The day after graduating, Gaynor joined the Fulton firm, where he focused on litigation and corporate law. In 1997 Gaynor and Emily Bass formed Gaynor & Bass and then conducted a general legal practice, emphasizing litigation, and represented corporations, individuals and a New York City labor union. Notably, Gaynor & Bass prevailed in the Second Circuit in a seminal copyright infringement case, Tasini v. New York Times, against newspaper and magazine publishers and Lexis-Nexis. The U.S. Supreme Court affirmed, 7 to 2, holding that the copyrights of freelance writers had been infringed when their work was put online without permission or compensation.
Gaynor currently contributes regularly to www.MichNews.com, www.RenewAmerica.com, www.WebCommentary.com, www.PostChronicle.com and www.therealitycheck.org and has contributed to many other websites.
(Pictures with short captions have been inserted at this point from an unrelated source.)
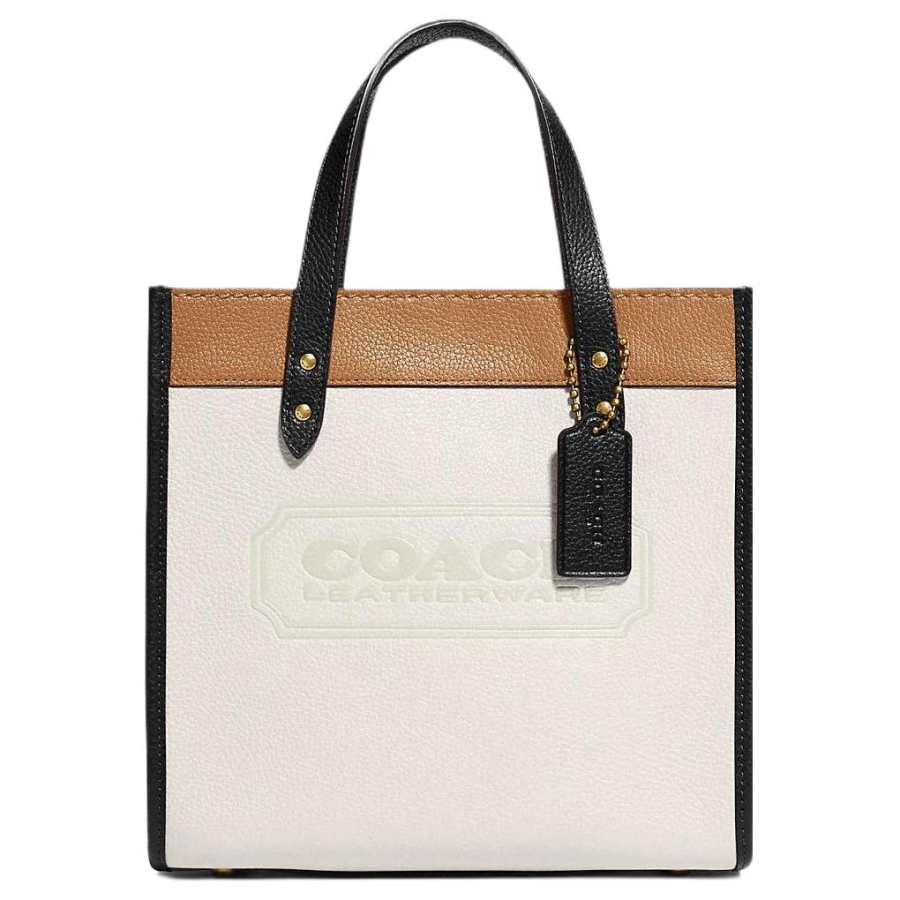 COACH Field Leather Tote Crossbody Handbag Small Women's White/Brown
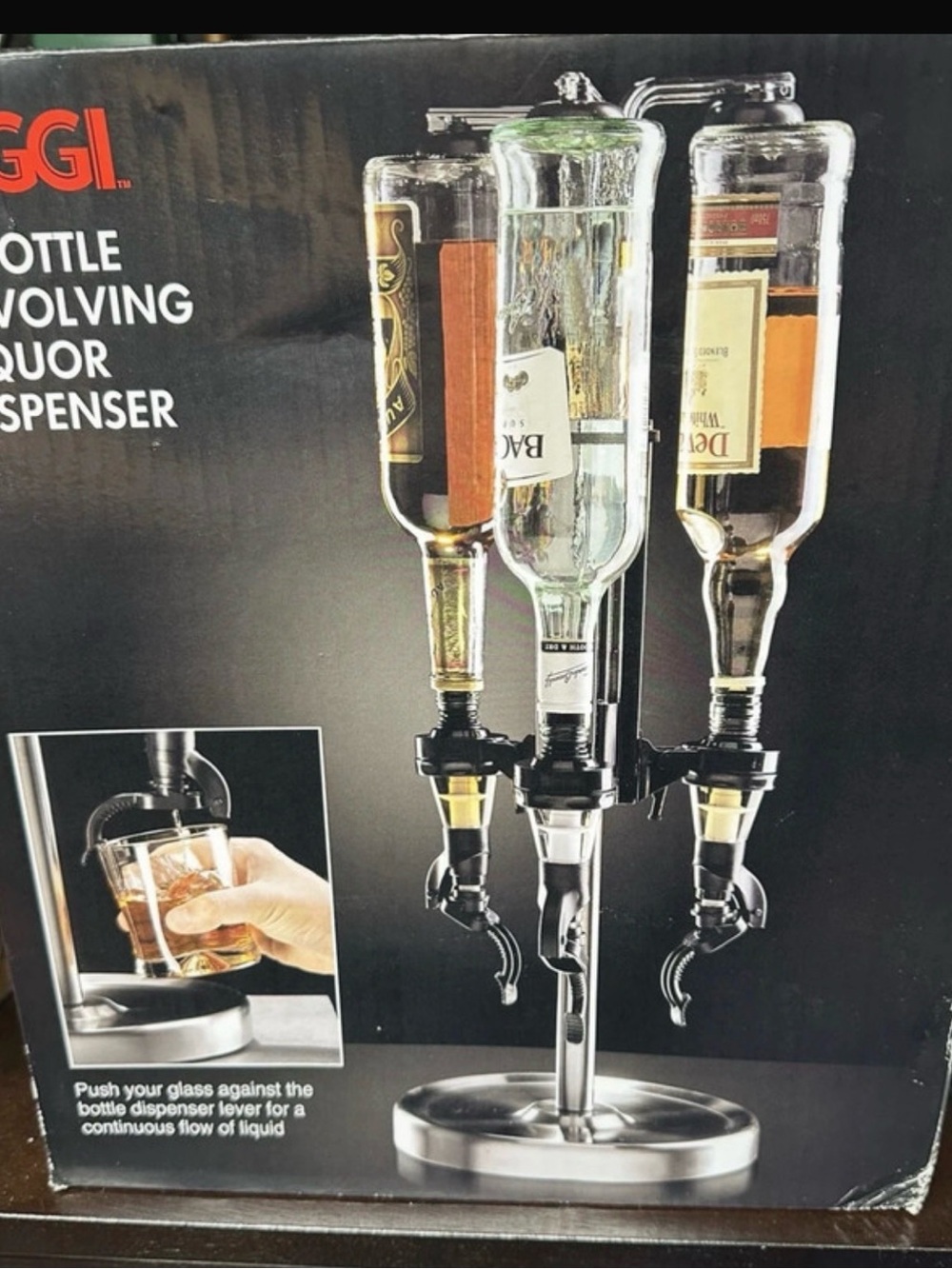 3-Bottle Revolving Liquor Dispenser in Silver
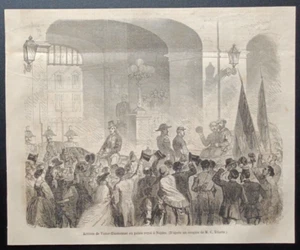 Neapel Vittorio Emanuele II Königreich Zwei Sizilien Antiker Druck 1860 - Bild 1 von 1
He has written extensively on political and religious issues, notably the Terry Schiavo case, the Duke "no rape" case, ACORN and canon law, and appeared as a guest on television and radio. He was acknowledged in Until Proven Innocent, by Stuart Taylor and KC Johnson, and Culture of Corruption, by Michelle Malkin. He appeared on "Your World With Cavuto" to promote an eBay boycott that he initiated and "The World Over With Raymond Arroyo" (EWTN) to discuss the legal implications of the Schiavo case. On October 22, 2008, Gaynor was the first to report that The New York Times had killed an Obama/ACORN expose on which a Times reporter had been working with ACORN whistleblower Anita MonCrief.